Model Versioning: How Each Provider Works
Below are representative patterns for specifying model versions (specific version names change over time).
OpenAI
gpt-4o ← Alias (subject to change)
gpt-4o-2024-08-06 ← Pinned snapshot (fixed)
- When OpenAI switches an alias (
gpt-4o) to a new snapshot, behavior changes - Pinned versions (with a date) do not change
- The model used on the ChatGPT side may be a version not yet released via API
Anthropic (Claude)
claude-sonnet-4-5-20250514 ← Pinned (fixed)
claude-sonnet-4-5-latest ← Alias (subject to change)
- claude.ai has its own system prompt and parameter settings
- In the API, specifying a pinned version locks it completely
- The
latestalias is updated by Anthropic when a new model is released
Google (Gemini)
gemini-2.0-flash-001 ← Pinned (fixed)
gemini-2.0-flash ← Alias (subject to change)
- The same pattern applies between the Gemini app and the API
- Results from Google AI Studio may also differ from the API (because Studio has its own defaults)
Cross-Provider Comparison
| Aspect | OpenAI | Anthropic | |
|---|---|---|---|
| Pinned version format | model-YYYY-MM-DD |
model-YYYYMMDD |
model-NNN |
| Alias update frequency | Every few months | At model release | At model release |
| Chat UI update frequency | Frequent (weekly level) | Approximately monthly | Frequent |
| UI system prompt disclosure | Not disclosed (leaks exist) | Not disclosed | Not disclosed |
| API deprecation notice | Yes (approx. 6 months in advance) | Yes | Yes |
| Chat UI → API migration difficulty | Medium–High (hidden system prompt is lengthy) | Medium (relatively fewer parameter differences) | Medium–High (added gap with AI Studio) |
Practical Checklist for Prompt Migration
A checklist for moving prompts validated in a chat UI to the API:
1. Lock the Model Version
# Bad: Aliases are subject to change
model = "gpt-4o"
# Good: Use a pinned version
model = "gpt-4o-2024-08-06"
2. Explicitly Specify Parameters
# Do not rely on chat UI defaults
response = client.chat.completions.create(
model="gpt-4o-2024-08-06",
temperature=0.7, # Explicitly specified
top_p=1.0, # Explicitly specified
max_tokens=4096, # Explicitly specified
messages=[...]
)
3. Reproduce the System Prompt
There is an invisible system prompt in the chat UI. In the API, you need to set it yourself:
messages = [
{"role": "system", "content": "You are..."}, # Define yourself
{"role": "user", "content": "The actual prompt"}
]
4. Build a Test Environment
- Run the same prompt × same parameters multiple times to check for variance
- Note that Temperature=0 is not completely deterministic (especially with OpenAI)

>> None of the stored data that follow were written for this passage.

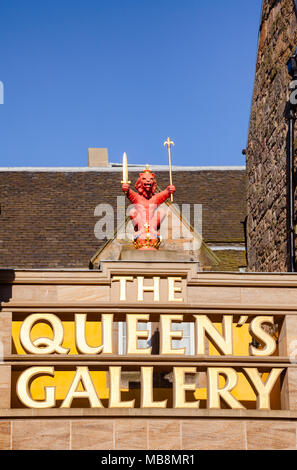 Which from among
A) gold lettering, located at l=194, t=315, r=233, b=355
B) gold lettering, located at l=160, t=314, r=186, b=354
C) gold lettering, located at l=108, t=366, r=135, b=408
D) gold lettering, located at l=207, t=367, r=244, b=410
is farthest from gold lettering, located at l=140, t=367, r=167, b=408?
gold lettering, located at l=194, t=315, r=233, b=355

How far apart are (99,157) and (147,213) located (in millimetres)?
14485

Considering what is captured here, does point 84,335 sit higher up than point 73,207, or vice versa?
point 73,207

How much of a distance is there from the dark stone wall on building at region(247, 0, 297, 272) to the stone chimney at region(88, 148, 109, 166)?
988 centimetres

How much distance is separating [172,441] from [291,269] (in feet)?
15.6

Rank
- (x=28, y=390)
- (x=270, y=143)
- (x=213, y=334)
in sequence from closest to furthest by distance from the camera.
Result: (x=28, y=390) < (x=213, y=334) < (x=270, y=143)

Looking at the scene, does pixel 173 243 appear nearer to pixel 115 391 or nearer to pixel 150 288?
pixel 150 288

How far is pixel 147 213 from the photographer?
2027 centimetres

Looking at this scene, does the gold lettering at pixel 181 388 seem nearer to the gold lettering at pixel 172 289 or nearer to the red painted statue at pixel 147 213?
the gold lettering at pixel 172 289

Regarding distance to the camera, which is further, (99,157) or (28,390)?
(99,157)

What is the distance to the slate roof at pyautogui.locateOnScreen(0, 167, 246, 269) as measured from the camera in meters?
25.4

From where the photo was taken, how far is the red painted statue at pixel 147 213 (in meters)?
20.1

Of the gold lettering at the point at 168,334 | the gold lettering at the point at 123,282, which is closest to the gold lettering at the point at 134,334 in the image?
the gold lettering at the point at 168,334

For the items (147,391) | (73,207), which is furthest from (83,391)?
(73,207)

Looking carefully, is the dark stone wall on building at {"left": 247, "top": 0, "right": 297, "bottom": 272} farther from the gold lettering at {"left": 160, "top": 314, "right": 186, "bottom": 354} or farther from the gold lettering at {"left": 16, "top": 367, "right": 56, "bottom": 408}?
the gold lettering at {"left": 16, "top": 367, "right": 56, "bottom": 408} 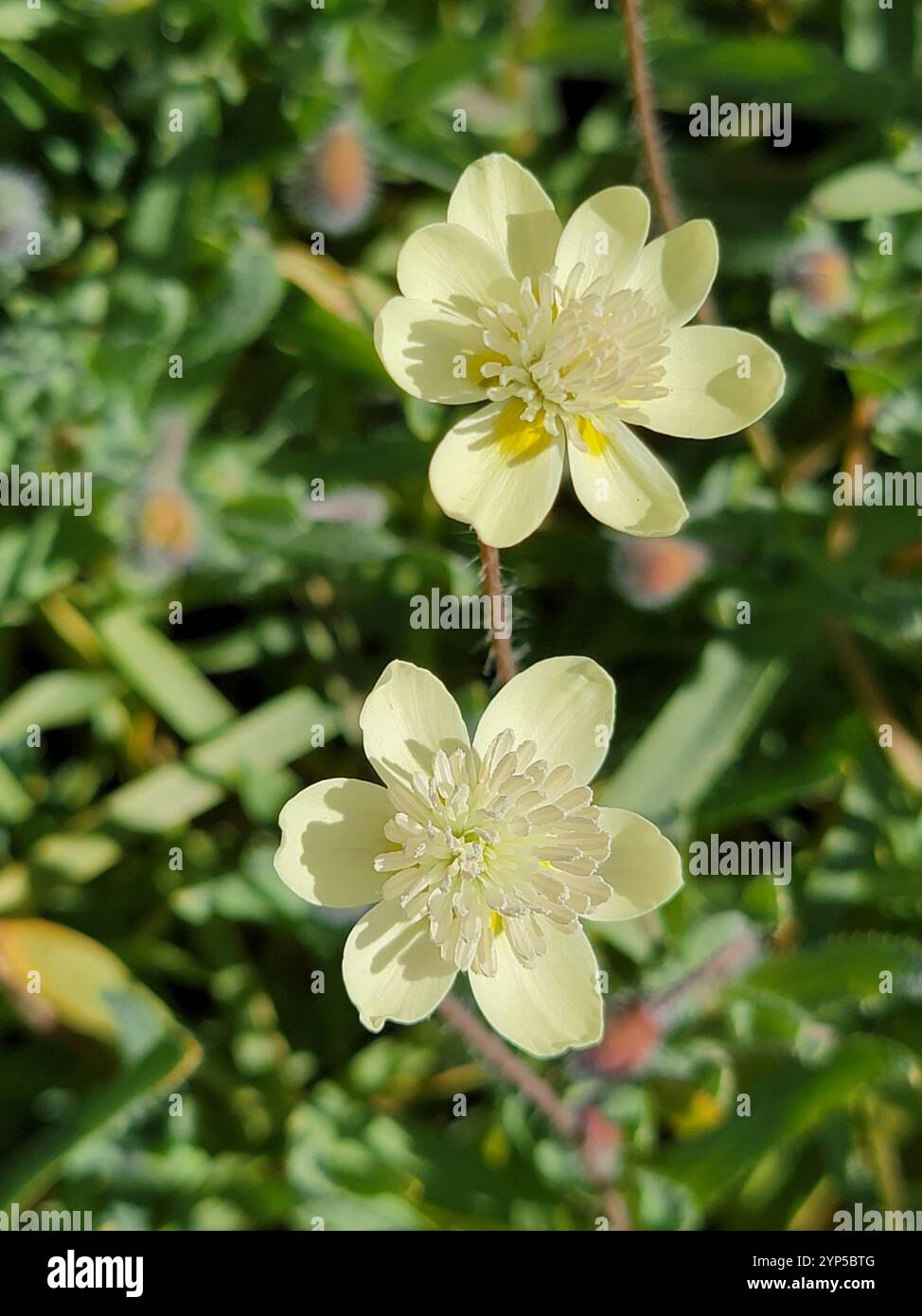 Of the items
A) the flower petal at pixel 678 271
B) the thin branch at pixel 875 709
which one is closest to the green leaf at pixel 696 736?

- Save chat UI results as a baseline and compare with API results
5. Prepare for Version Updates
- Pinned versions also have an EOL (End of Life)
- Put a mechanism in place to monitor deprecation notices (each company's changelog and status page)
- Regularly conduct migration tests to new versions
Summary
| Lesson | Decision Criteria for Production |
|---|---|
| Chat UI is a "trial environment," not "production" | Prototype in UI, always re-validate production implementation via API |
| Aliases are convenient but unstable | Use pinned versions in production |
| Invisible settings influence results | Always explicitly set temperature, system prompt, and top_p |
| The same problem occurs with all providers | The same checklist can be used when switching providers |
As a framework: API (pinned version) = stable and reproducible, Chat UI = highly volatile (providers adjust at any time). Keeping this in mind will speed up root cause analysis when issues arise.